Activity:
Your answer must be the line containing "Femme portant une" and each following line to the end of the listing below, copied exactly, with pictures removed and nothing added.

Supplied data:
- - - -

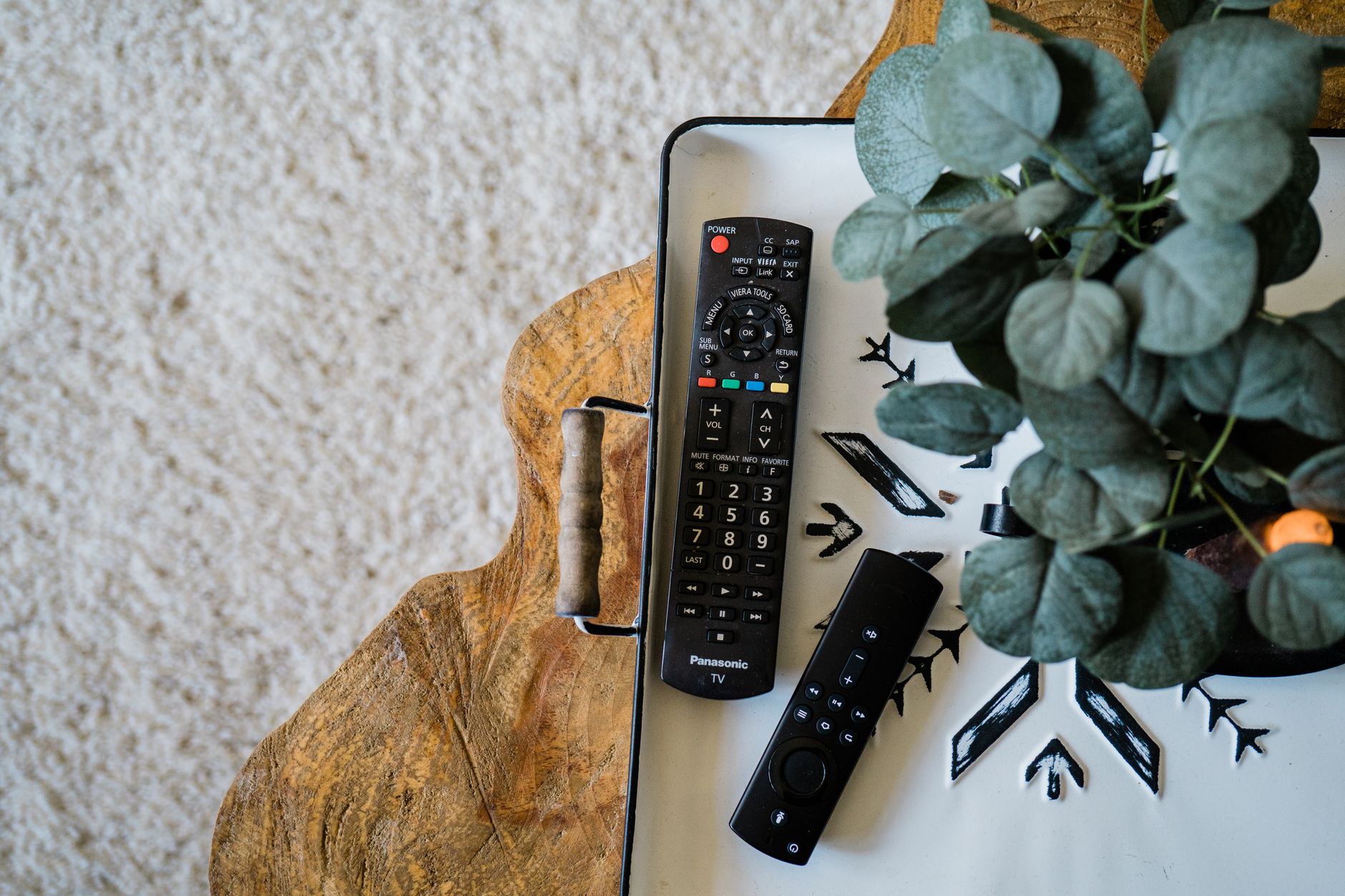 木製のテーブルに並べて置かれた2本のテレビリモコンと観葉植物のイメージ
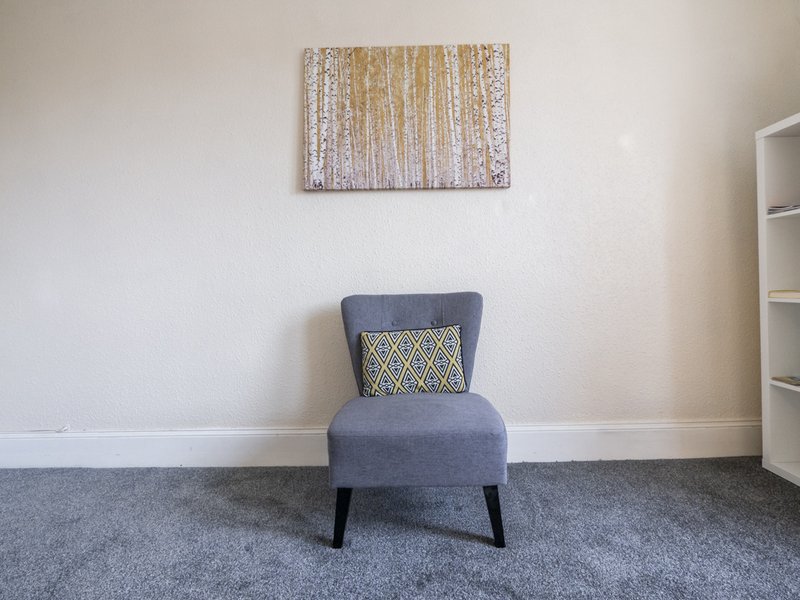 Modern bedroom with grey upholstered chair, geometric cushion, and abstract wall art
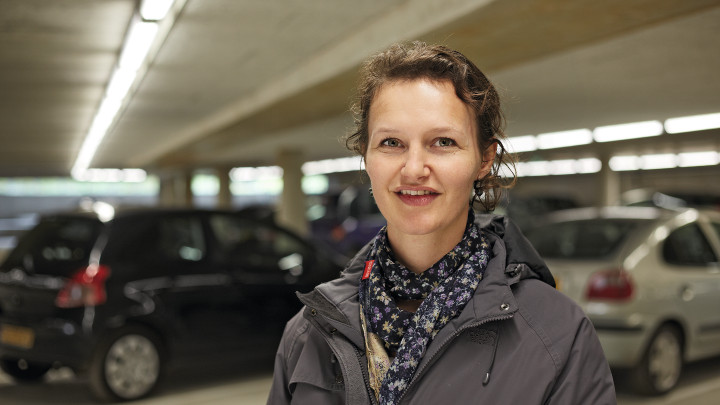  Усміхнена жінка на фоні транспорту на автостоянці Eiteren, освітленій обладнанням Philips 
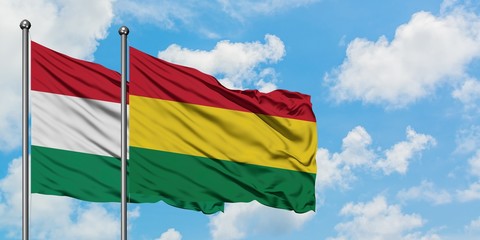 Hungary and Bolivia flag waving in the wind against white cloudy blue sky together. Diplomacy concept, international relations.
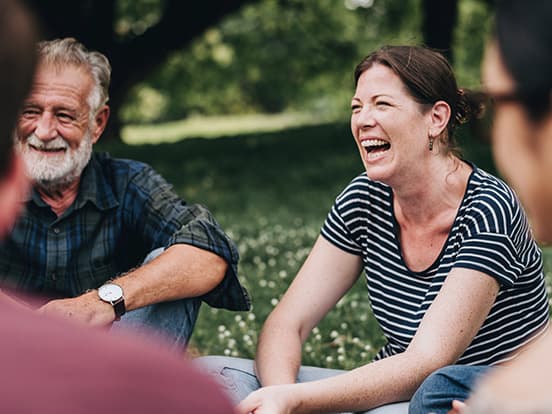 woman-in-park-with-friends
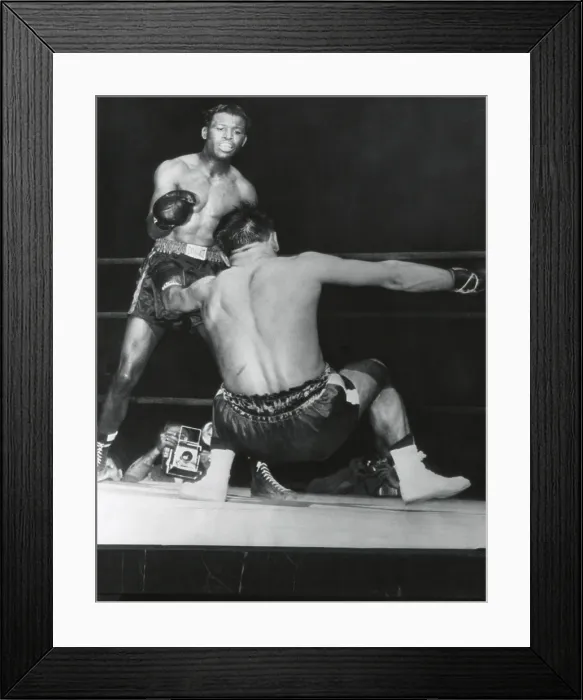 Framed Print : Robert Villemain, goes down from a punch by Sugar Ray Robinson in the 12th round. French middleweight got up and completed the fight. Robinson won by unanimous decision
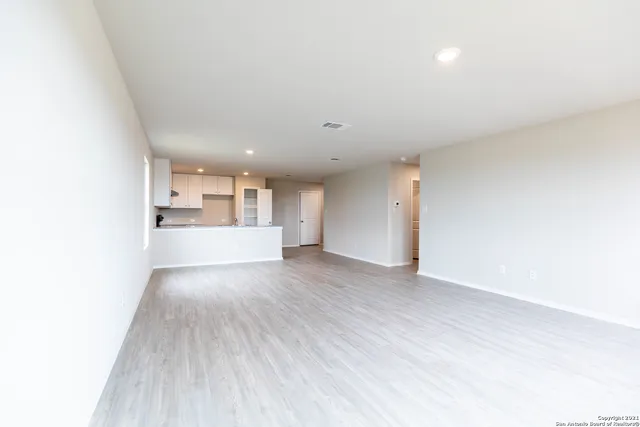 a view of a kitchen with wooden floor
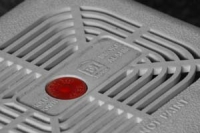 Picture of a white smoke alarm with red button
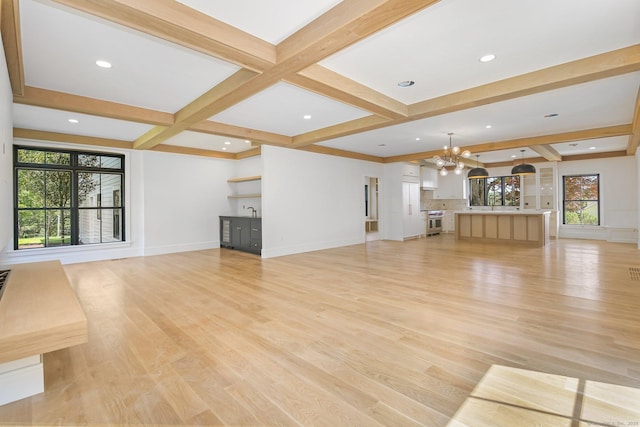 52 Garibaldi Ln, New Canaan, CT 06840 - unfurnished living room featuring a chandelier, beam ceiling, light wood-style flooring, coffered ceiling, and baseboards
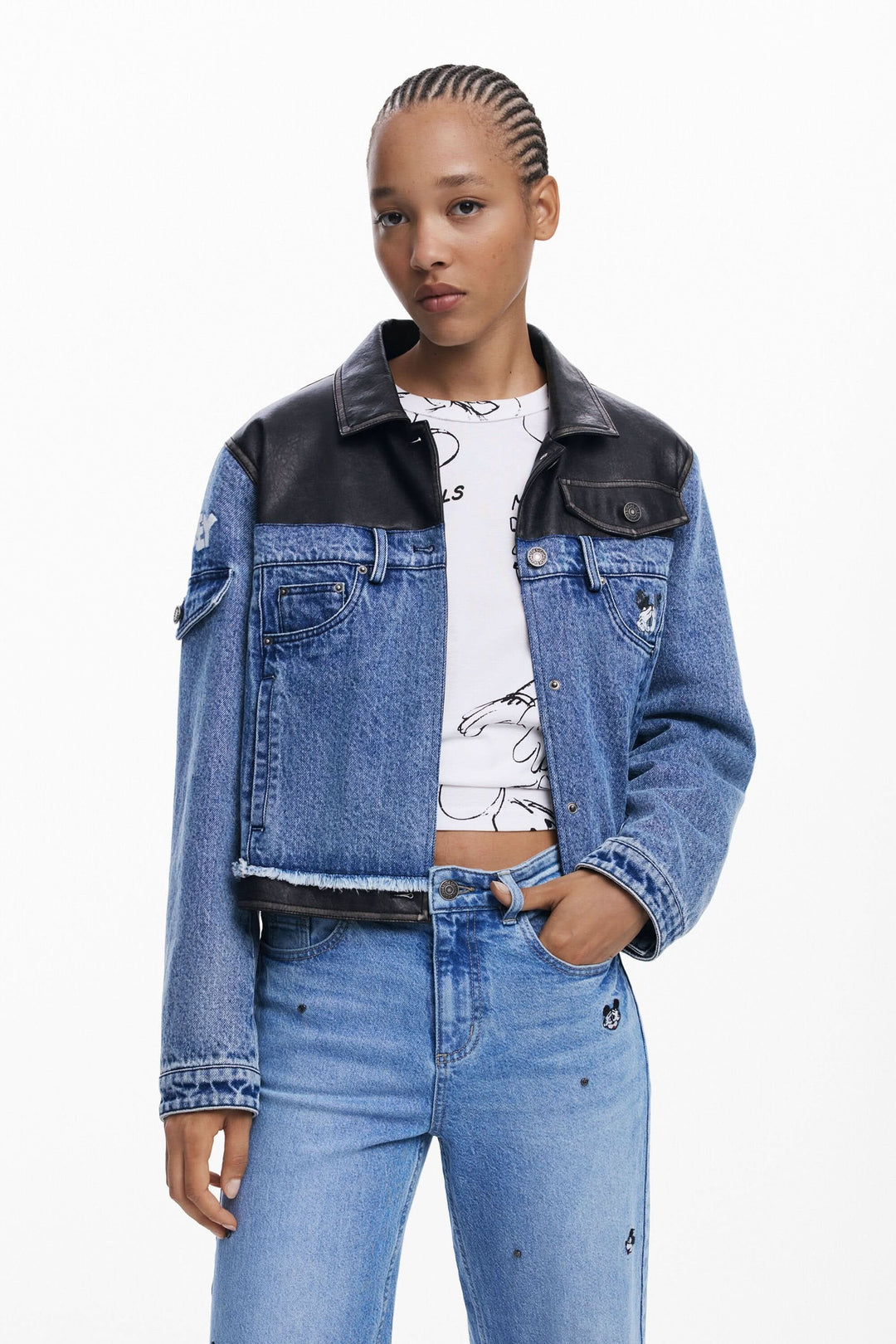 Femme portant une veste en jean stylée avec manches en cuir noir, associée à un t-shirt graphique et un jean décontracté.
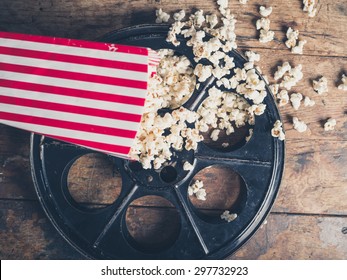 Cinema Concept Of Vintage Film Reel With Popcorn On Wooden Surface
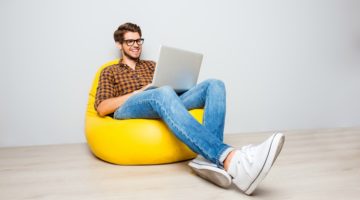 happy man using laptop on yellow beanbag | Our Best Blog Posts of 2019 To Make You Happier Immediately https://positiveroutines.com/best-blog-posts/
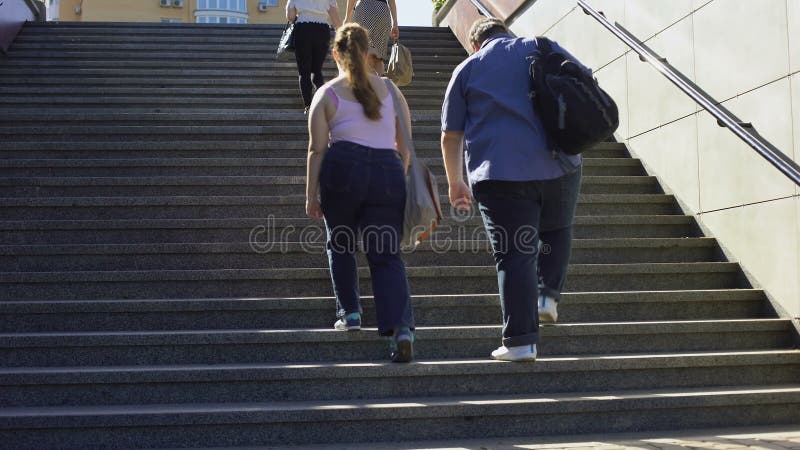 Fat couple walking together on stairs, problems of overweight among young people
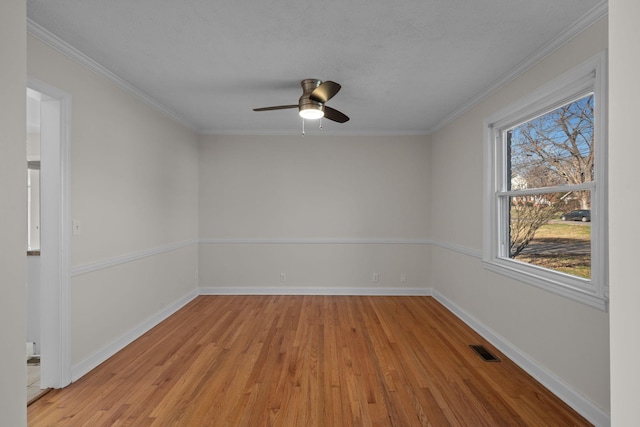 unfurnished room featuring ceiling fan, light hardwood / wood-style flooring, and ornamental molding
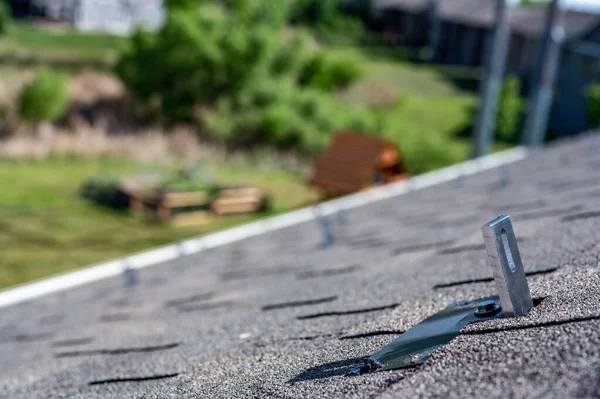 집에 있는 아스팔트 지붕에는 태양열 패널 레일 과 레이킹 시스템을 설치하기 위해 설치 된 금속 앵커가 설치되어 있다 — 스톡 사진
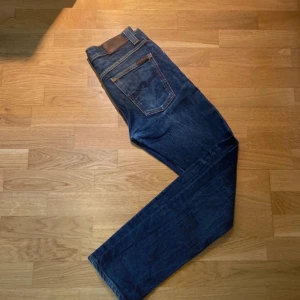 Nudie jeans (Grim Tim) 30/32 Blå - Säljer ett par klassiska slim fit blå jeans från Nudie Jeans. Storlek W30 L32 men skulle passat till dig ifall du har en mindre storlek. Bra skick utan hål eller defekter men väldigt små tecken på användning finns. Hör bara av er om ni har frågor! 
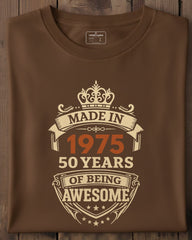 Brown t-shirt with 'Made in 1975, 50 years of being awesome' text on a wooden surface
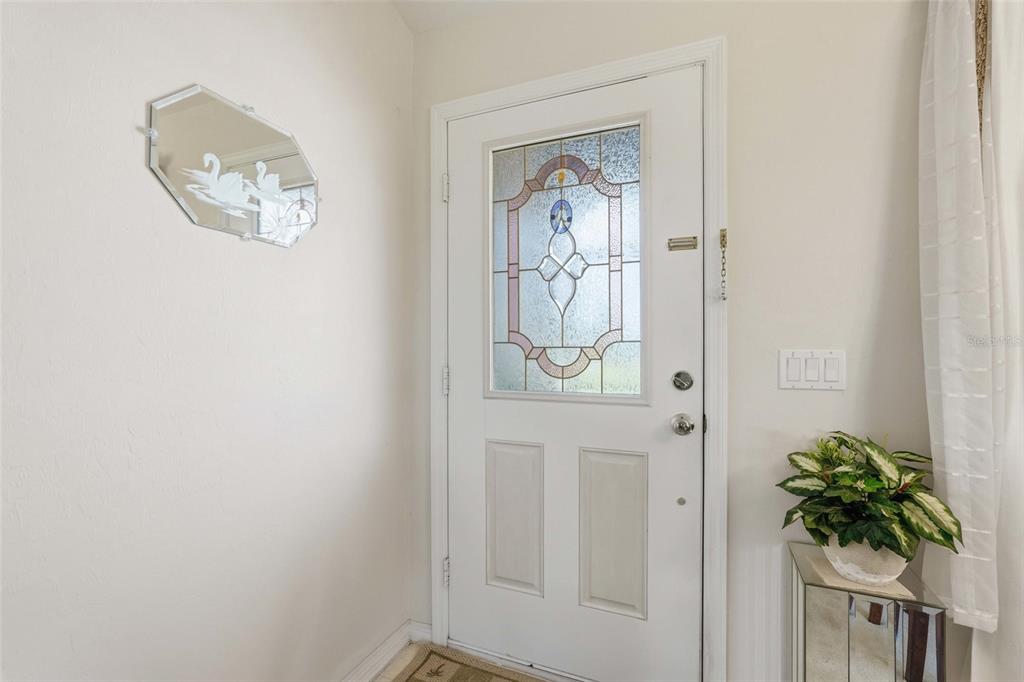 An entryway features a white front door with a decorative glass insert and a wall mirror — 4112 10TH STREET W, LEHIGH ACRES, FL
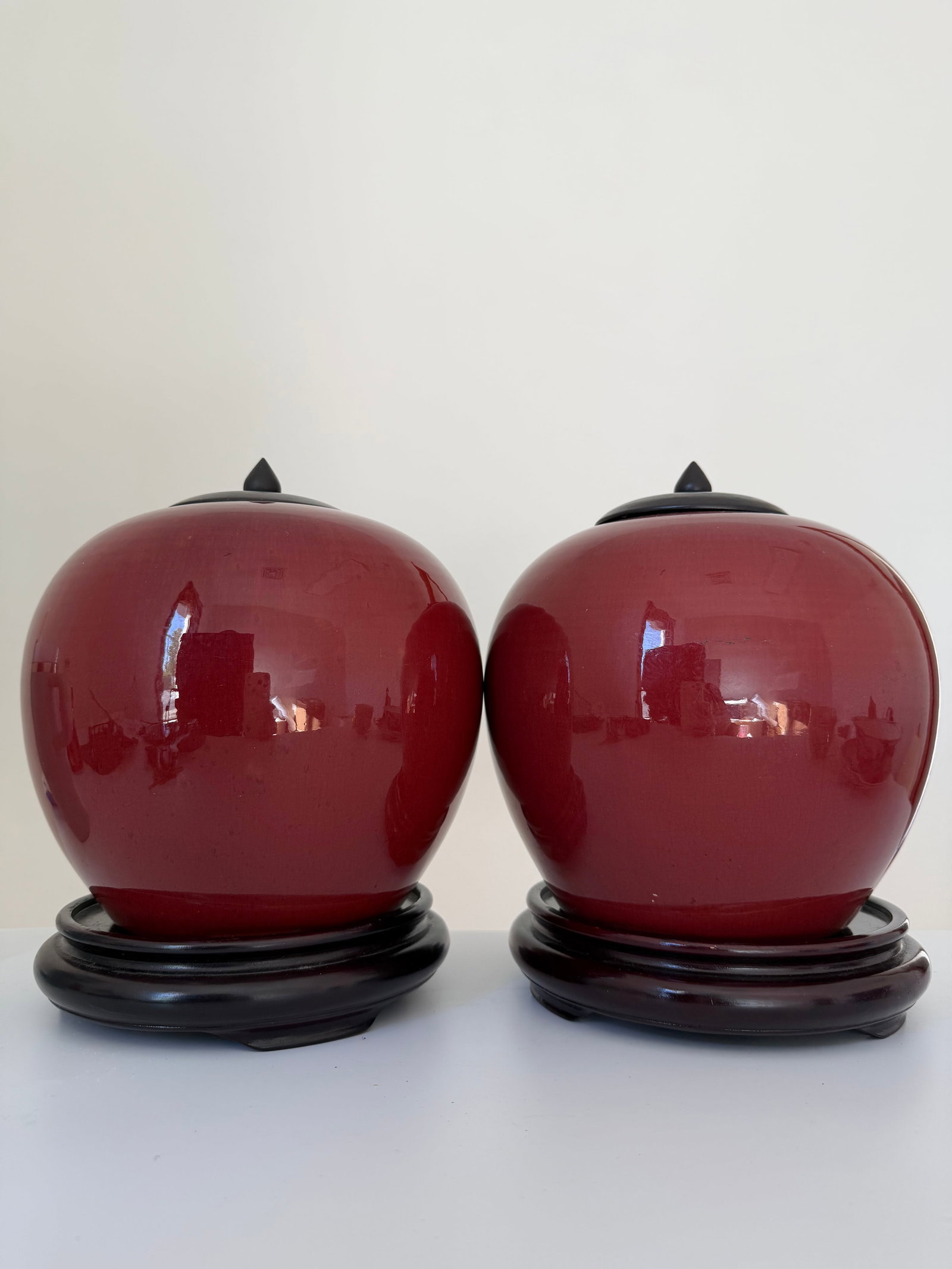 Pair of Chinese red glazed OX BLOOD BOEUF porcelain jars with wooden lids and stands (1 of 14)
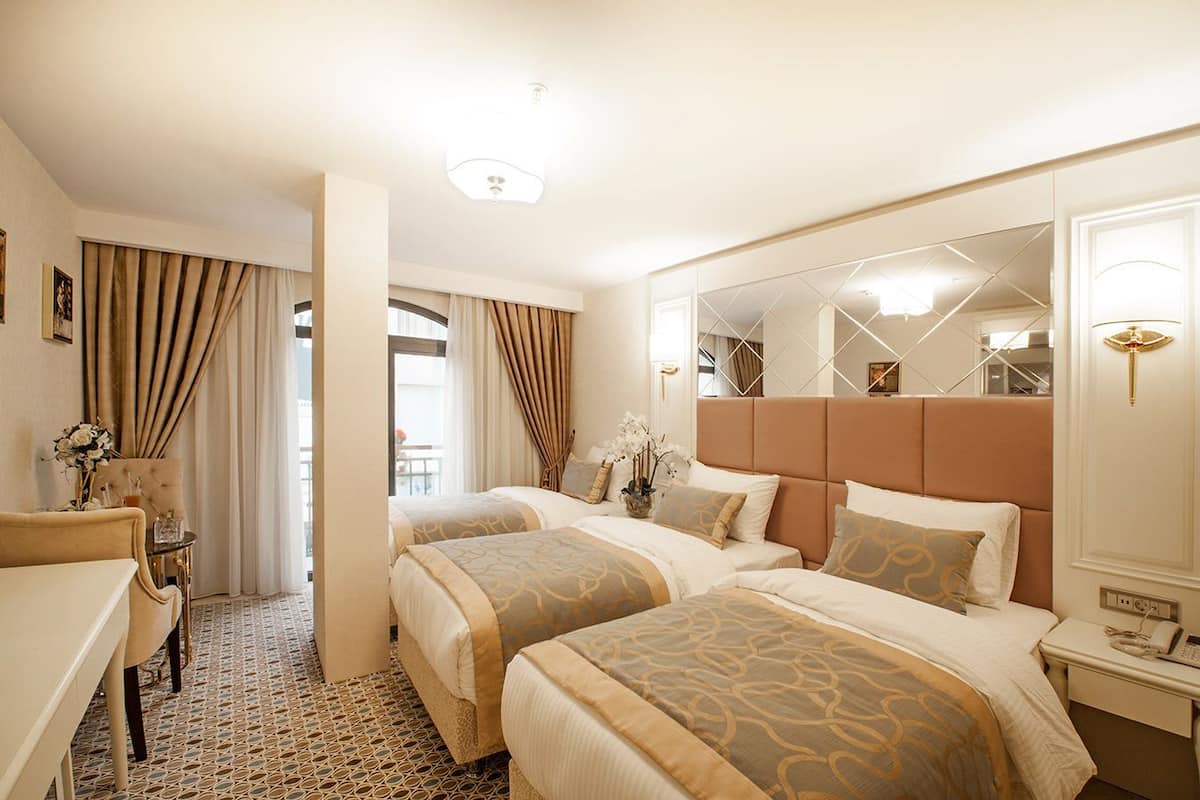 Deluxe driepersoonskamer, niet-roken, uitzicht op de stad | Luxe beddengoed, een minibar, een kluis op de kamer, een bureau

- - - -

Your solution:
 Femme portant une veste en jean stylée avec manches en cuir noir, associée à un t-shirt graphique et un jean décontracté.
 Cinema Concept Of Vintage Film Reel With Popcorn On Wooden Surface
 happy man using laptop on yellow beanbag | Our Best Blog Posts of 2019 To Make You Happier Immediately https://positiveroutines.com/best-blog-posts/
 Fat couple walking together on stairs, problems of overweight among young people
 unfurnished room featuring ceiling fan, light hardwood / wood-style flooring, and ornamental molding
 집에 있는 아스팔트 지붕에는 태양열 패널 레일 과 레이킹 시스템을 설치하기 위해 설치 된 금속 앵커가 설치되어 있다 — 스톡 사진
 Nudie jeans (Grim Tim) 30/32 Blå - Säljer ett par klassiska slim fit blå jeans från Nudie Jeans. Storlek W30 L32 men skulle passat till dig ifall du har en mindre storlek. Bra skick utan hål eller defekter men väldigt små tecken på användning finns. Hör bara av er om ni har frågor! 
 Brown t-shirt with 'Made in 1975, 50 years of being awesome' text on a wooden surface
 An entryway features a white front door with a decorative glass insert and a wall mirror — 4112 10TH STREET W, LEHIGH ACRES, FL
 Pair of Chinese red glazed OX BLOOD BOEUF porcelain jars with wooden lids and stands (1 of 14)
 Deluxe driepersoonskamer, niet-roken, uitzicht op de stad | Luxe beddengoed, een minibar, een kluis op de kamer, een bureau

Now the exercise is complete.